** Information supplied follows **
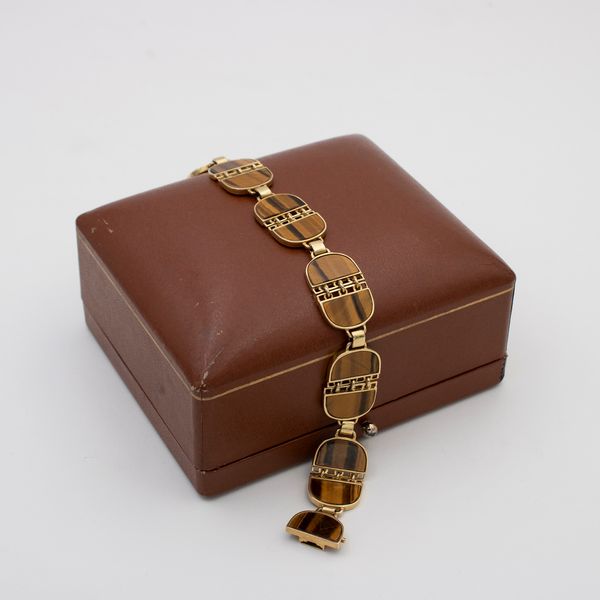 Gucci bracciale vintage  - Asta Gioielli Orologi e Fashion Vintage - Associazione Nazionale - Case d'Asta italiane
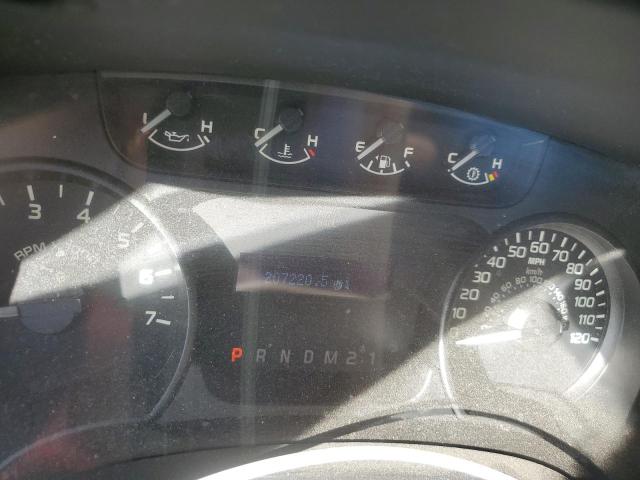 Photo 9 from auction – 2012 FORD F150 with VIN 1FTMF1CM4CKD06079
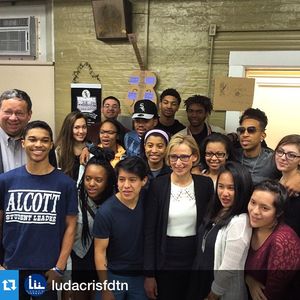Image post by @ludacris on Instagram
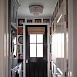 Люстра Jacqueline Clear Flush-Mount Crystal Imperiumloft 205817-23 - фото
** End of Information supplied **
** Information supplied follows **
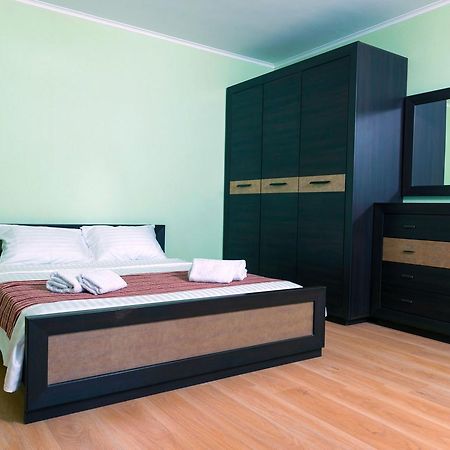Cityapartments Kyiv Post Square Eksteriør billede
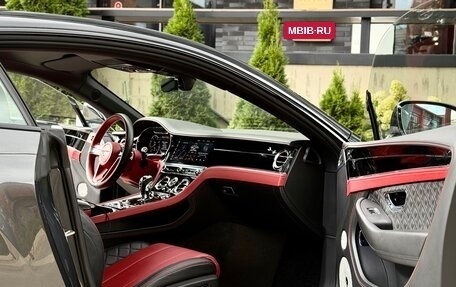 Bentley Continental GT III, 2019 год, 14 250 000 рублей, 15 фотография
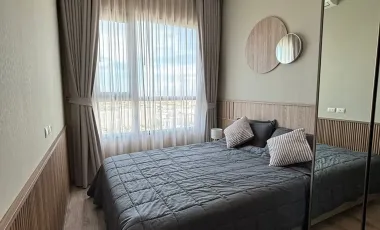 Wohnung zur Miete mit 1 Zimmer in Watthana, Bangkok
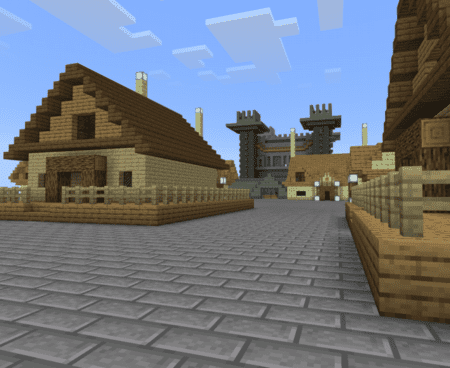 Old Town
** End of Information supplied **
_Requirement_
Give again the lines of the listing above that run from the one with "Image post by @ludacris on Instagram" up to and including the one with "Люстра Jacqueline Clear". Keep them exact and omit the pictures.

_Written answer_
Image post by @ludacris on Instagram
 Люстра Jacqueline Clear Flush-Mount Crystal Imperiumloft 205817-23 - фото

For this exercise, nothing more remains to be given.